Here’s a short list of steps to follow to make sure your Roth contribution is allowed:

  1. If possible, roll over all pretax IRA accounts to a qualified 401(k) or 403(b) plan to avoid pro-rata taxation. This is helpful to avoid extra work at tax time and to keep things clean.
  2. Contribute to a Traditional IRA account and immediately convert the full contribution to a Roth IRA account. Since your funds were in the Traditional IRA account for a short time, you should have earned very little in interest, and there should be almost no tax consequence to this.
  3. You’ve now completed the Backdoor Roth IRA contribution! Now, you simply need to invest the money according to your long-term financial goals.

Should you contribute to Roth first or pretax accounts?

Generally, it’s a much better idea to contribute to pretax accounts as a student loan borrower pursuing forgiveness.

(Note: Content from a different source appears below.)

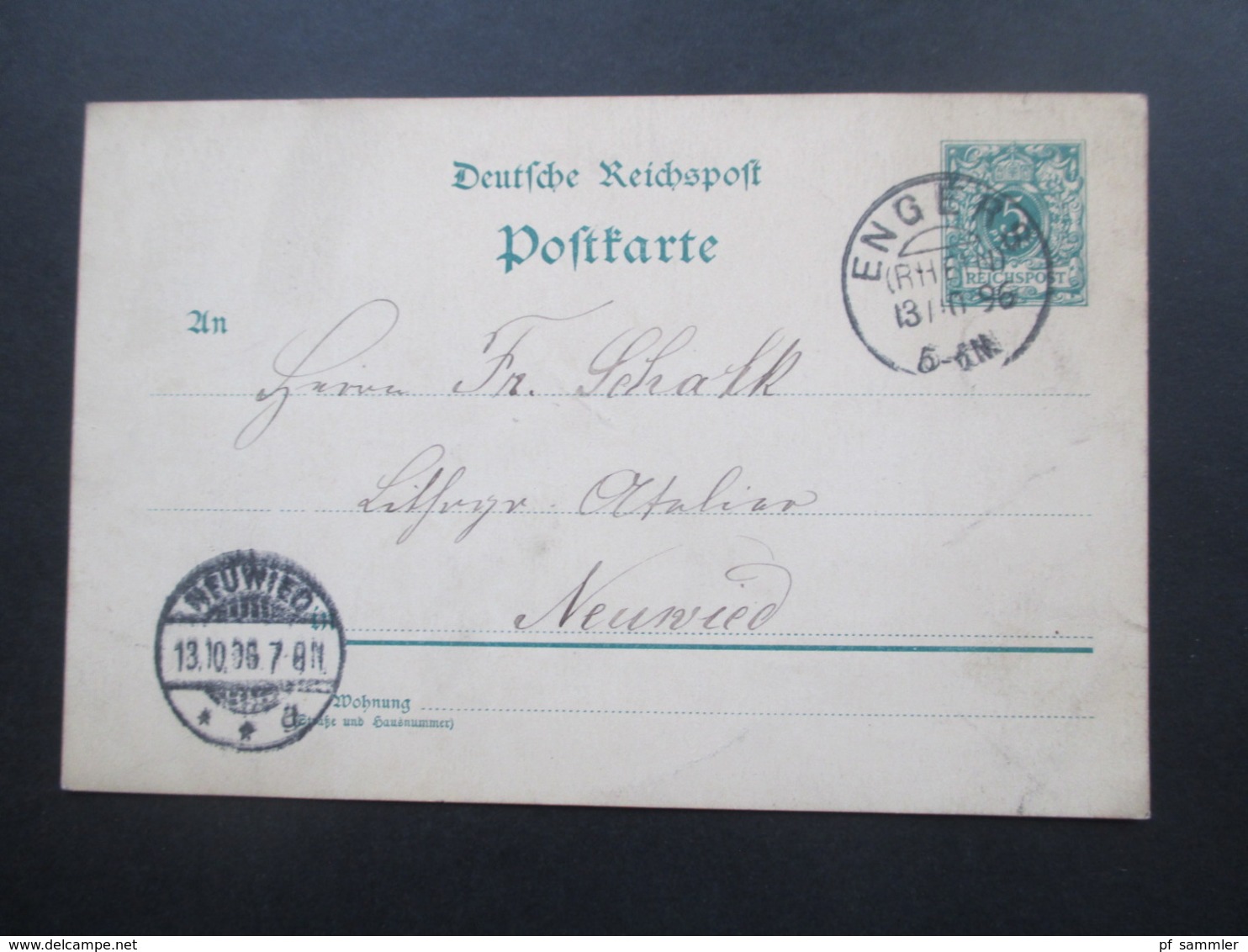 DR Reichspost 1896 3 Ganzsachen Mit KOS Kreisobersegmentstempel Engers (Rhein) An Das Lithografie Atelier In Neuwied - Briefe U. Dokumente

That’s because pretax accounts lower your AGI and thus lower your IDR payment. It’s like getting an extra 10% to 15% tax break when you make a pretax contribution. When you’re retired, you will likely be done with student loans, and thus, you won’t need to optimize your tax strategy to reduce your IDR payment. 

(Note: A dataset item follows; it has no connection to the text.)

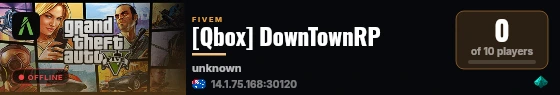 [Qbox] DownTownRP live status badge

If you’ve already maxed out all your pretax accounts, though, it’s a great idea to max out your Backdoor Roth accounts for both you and your spouse if applicable.

This money grows tax-deferred, and the earnings can be withdrawn tax-free after age 59.5.

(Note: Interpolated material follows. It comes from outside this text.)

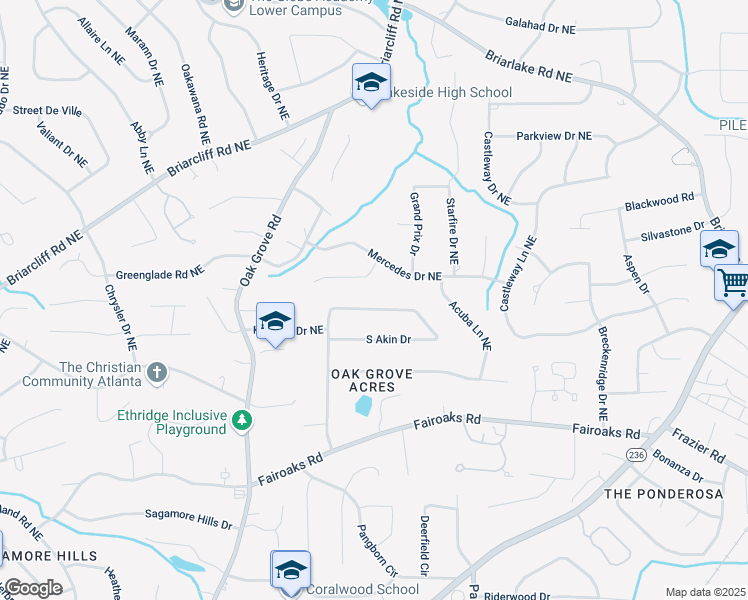 map of restaurants, bars, coffee shops, grocery stores, and more near 1942 North Akin Drive Northeast in Atlanta
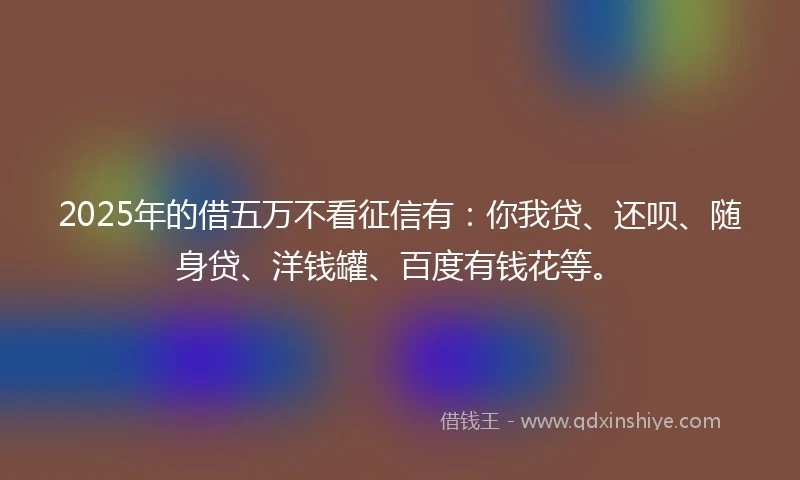 2025年的借五万不看征信有：你我贷、还呗、随身贷、洋钱罐、百度有钱花等。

If you still have more money to invest after maximizing your retirement accounts, your next option is a taxable brokerage account. Brokerage accounts are taxed along the way, and you have to pay capital gains tax when you withdraw the money.

The one big positive to brokerage accounts is that you can withdraw earnings at any time without being subject to penalties. 

Make a Roth IRA a tool instead of a goal unto itself

Roth IRAs are a great tool on the path to financial freedom. However, if you contribute a healthy amount of your income to retirement, you’ll likely be okay with or without them.

For student loan borrowers, you’ll want to focus first on pretax accounts. Then, if you file taxes separately or earn a high income, you’ll need to incorporate Backdoor Roth contributions to avoid the excise tax on overcontributions. 

If you pair your Roth IRA with pretax accounts and a brokerage too, you’ll be well on your path to financial independence, no matter how much student debt you have (because, worst case, that debt is just a really complicated income tax under the IDR plan rules).